ACTIVITY — Write out the stretch of lines below that begins at the line with "In- & Outdoor-Teppich Metro Cream/Beige" and ends at the line with "Betty Barclay Outdoorjacke", including both, exactly as given and nothing more.

DATA SHOWN —
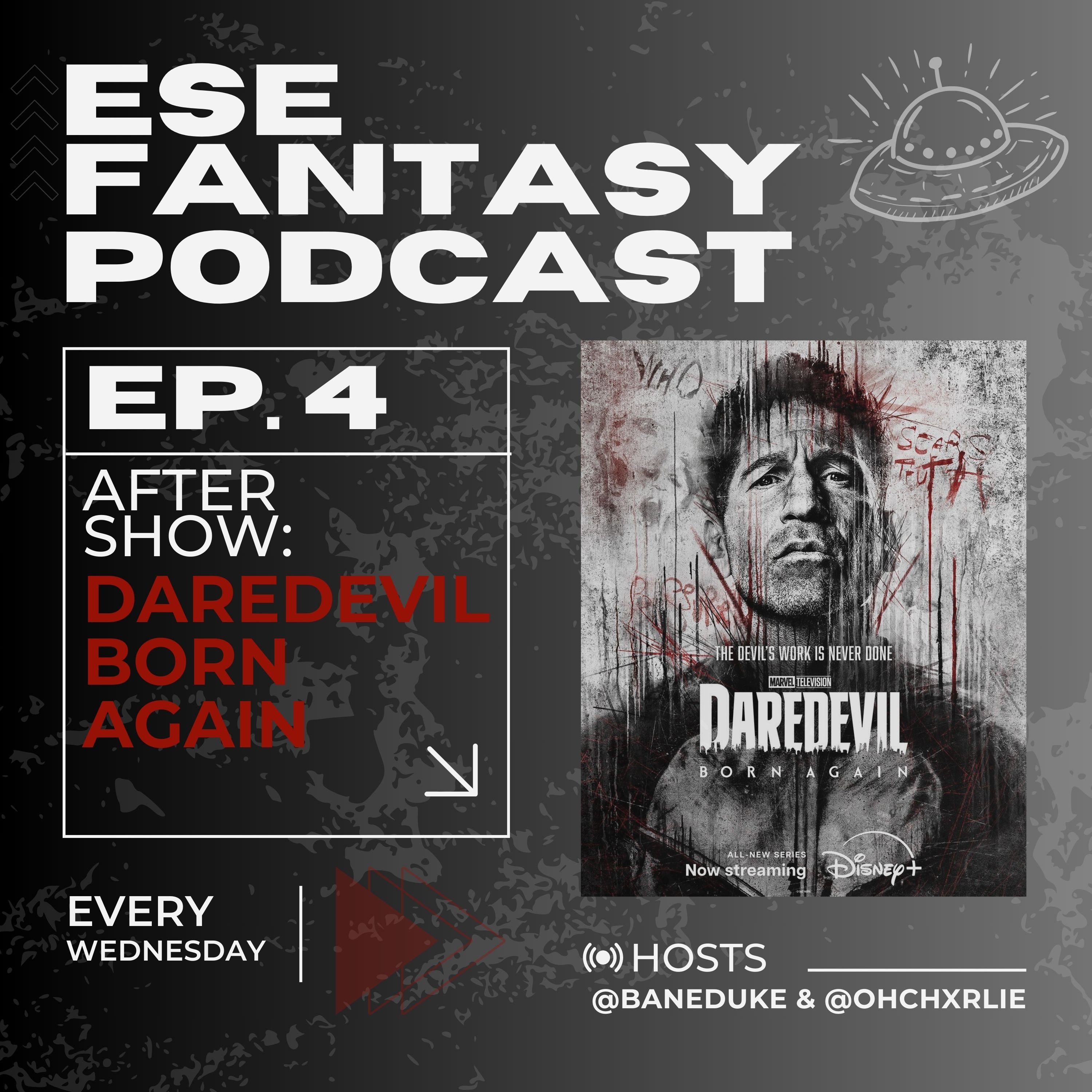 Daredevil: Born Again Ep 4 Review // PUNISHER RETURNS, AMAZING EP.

* * *

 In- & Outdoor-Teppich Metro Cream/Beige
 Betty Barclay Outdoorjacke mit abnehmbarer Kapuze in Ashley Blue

RESULT —
 In- & Outdoor-Teppich Metro Cream/Beige
 Betty Barclay Outdoorjacke mit abnehmbarer Kapuze in Ashley Blue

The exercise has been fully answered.